反撃したい作新学院は4回には4番齋藤のタイムリー、6回には1番髙森のホームランで得点を挙げる。作新学院らしい強打だったが、大量リードを武器に余裕を持った投球を見せるエース林はその強打に対しても、慌てることなく、自分のペースで投げ抜き、結局8回を投げて96球、3失点と好投。この日も無四死球と安定感抜群の投球で、試合を作った。
9回には3回戦に続いて2番手の右腕・中田が登板。作新学院も最後の意地を見せ、1,2塁のチャンスを作ったが、最後は7番上野が打ち取られてゲームセット。山梨学院が関東勢対決に12-3と圧勝し、初のベスト4進出を決めた。
まとめ
山梨学院はこの日は序盤の猛攻で早々と試合を決め、大勝を収めた。今大会初めての2桁得点とあって、強打がフォーカスされがちだが、3回の攻撃で見られたランナー2,3塁からのヒットエンドランや押し出しを奪った選球眼など、随所にただ打つだけでない、攻撃力の高さを見せた。強打の作新学院相手とあって、少々の得点差はあってないようなものだったが、さすがに1イニング7得点は試合を決めるに十分なものであった。
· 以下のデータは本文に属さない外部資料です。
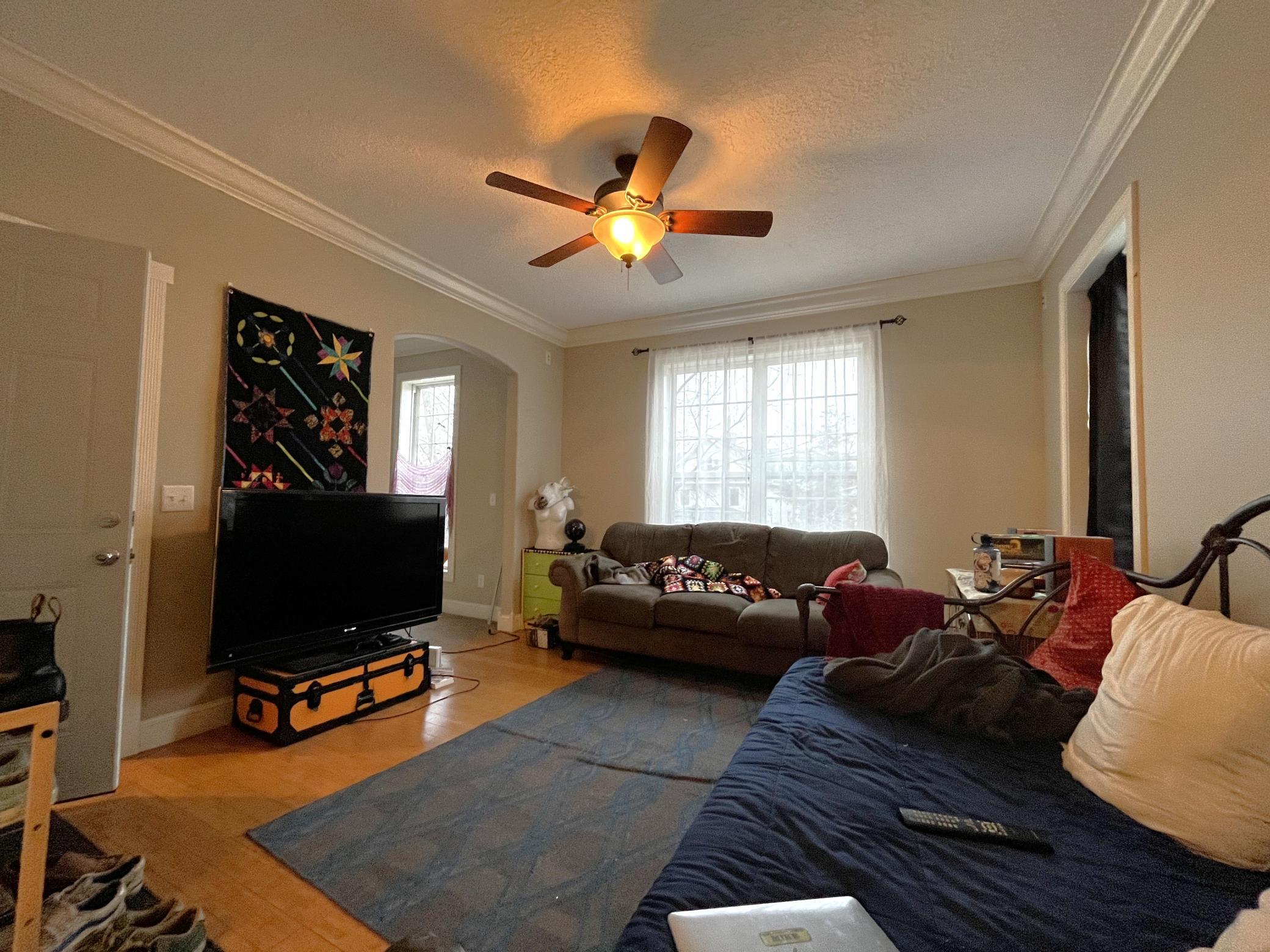 Unit 2 Living (2)
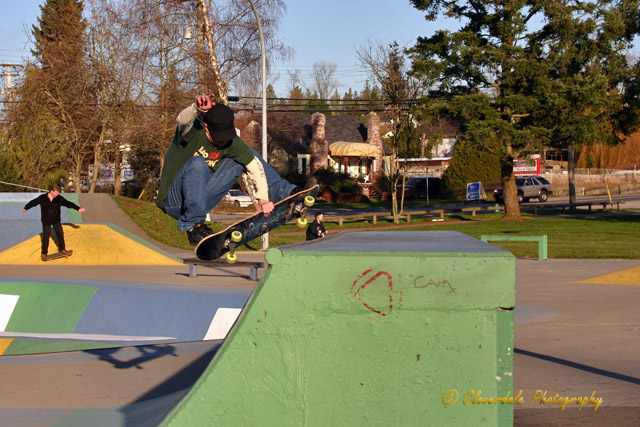 [Image: Skate-4.jpg]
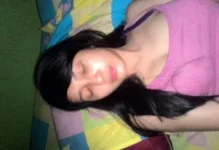 Mahal-one-round-naman-bago-tayo-matulog.webp Mahal-one-round-naman-bago-tayo-matulog.webp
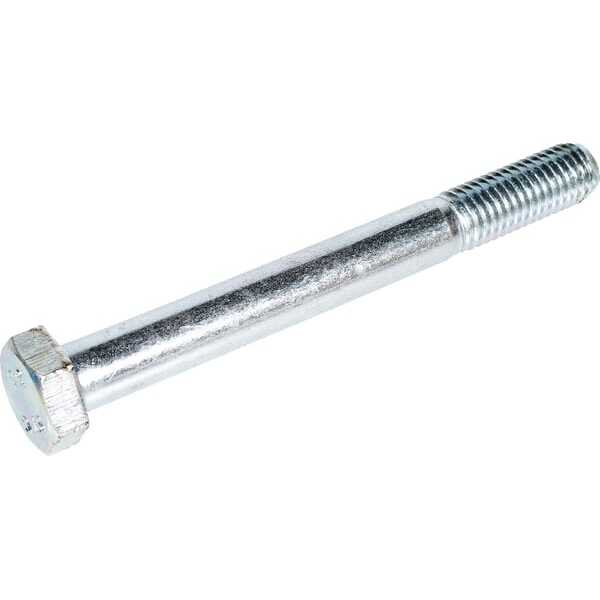 Stiga Boulons OE - 9997121102 - Vis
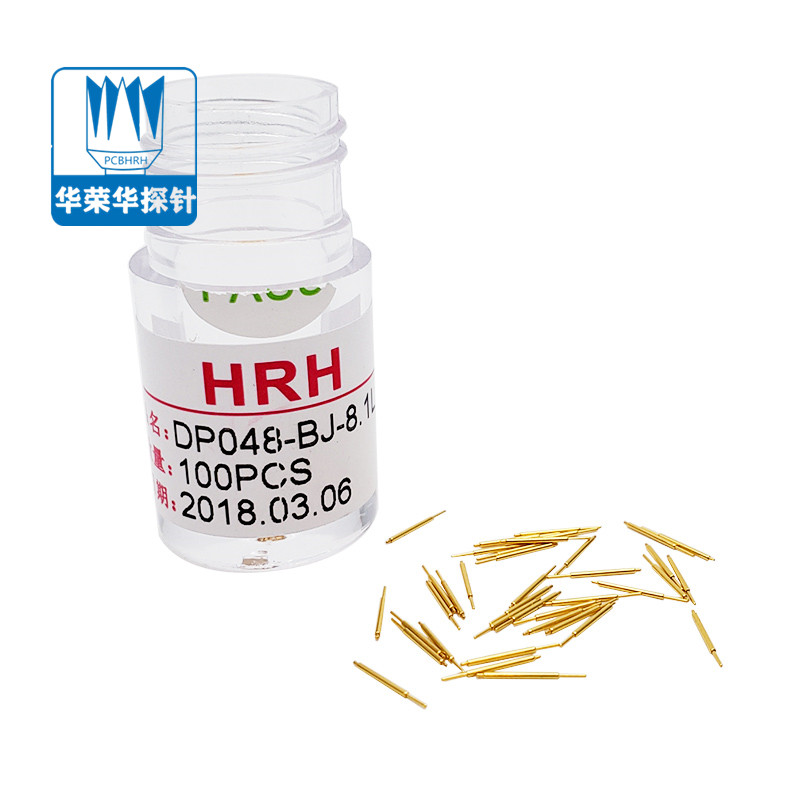 1550463373.jpg 1550463373.jpg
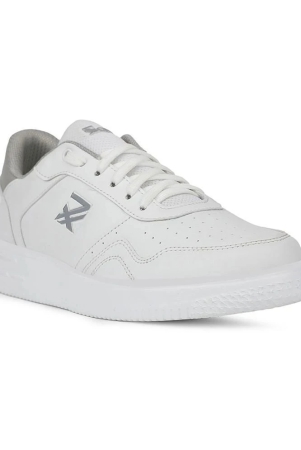 liberty-snookis-2-white-mens-sneakers-none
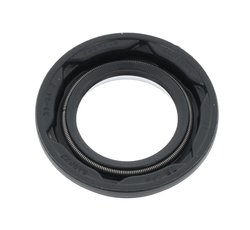 INEL ETANSARE CORTECO 12012051B - Piesa auto compatibila cu mai multe marci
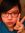 Thao Le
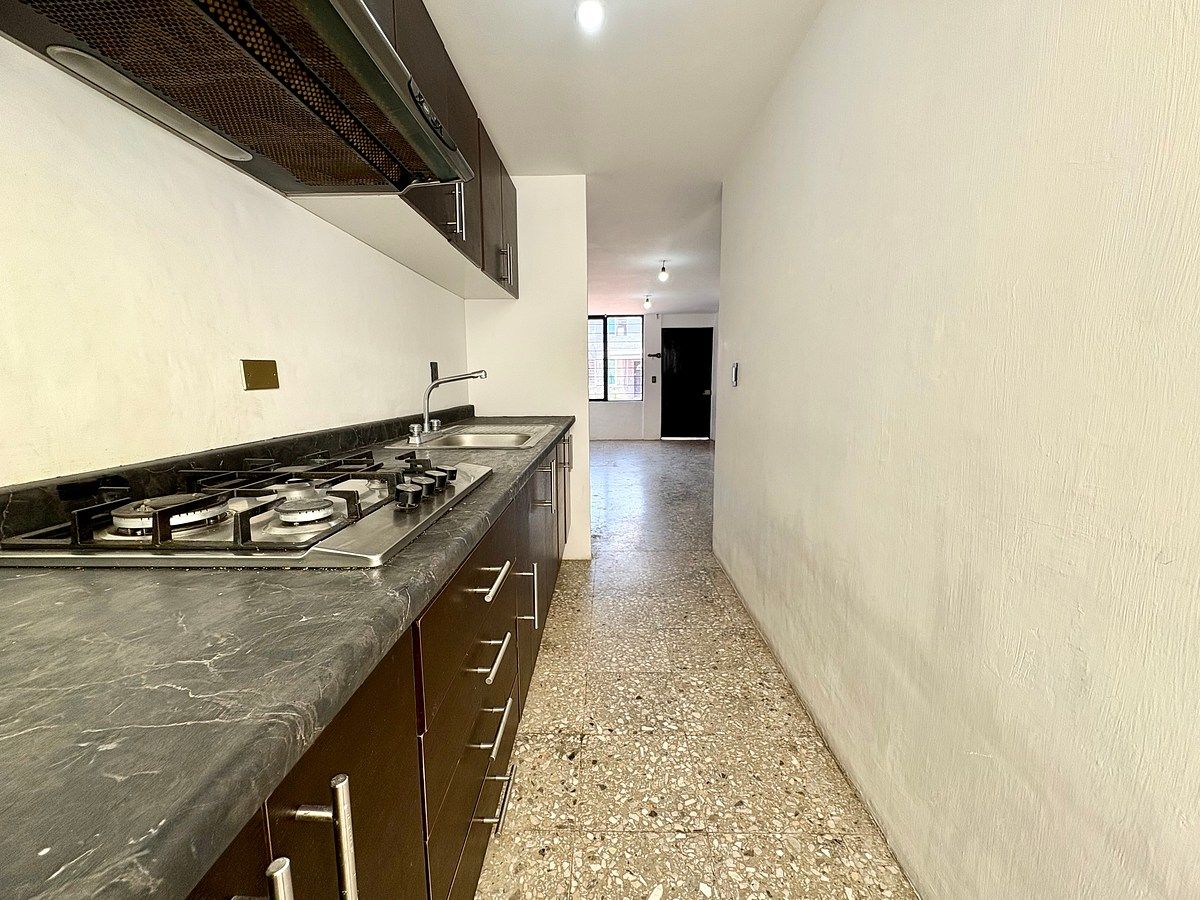 Casa em Villaseñor, Guadalajara, foto 10 de 26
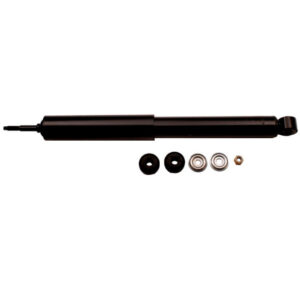 Amortiguador Delantero Proguard > Gr-61714 Grc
また、エース林も大量点をバックに好投。作新学院の早打ちにも助けられたが、8回までを100球以内で投げ抜き、理想的な投球で試合を作った。ストライク先行で、厳しいコースを突いていけるため、打たせて取る投球でリズムを作りやすい。ここまで4試合を通して、投げるたびに成長した姿を見せる林。強力打線を支えに、今大会の主役となっている右腕が、中一日を置いて準決勝の舞台へ挑む。
一方、敗れた作新学院は今大会は3試合で26失点と投手陣のやり繰りで非常に苦労した印象だった。強力打線をバックに打ち勝つ野球を見せ、ベスト8まで勝ち進んだのはさすがだったが、やはり好投手を相手にそう多くの得点は望めないため、ここから上は軸になる投手が必要になってくる。この日は厳しい現実を突きつけられる結果となった。
ただ、昨年夏の連続出場を国学院栃木に止められたところから奮起し、作新らしい野球で8強入りできたのは、復活に向けて大きな一歩になっただろう。やられっぱなしでは終われない、小針作新の戦いは夏へと続いていく。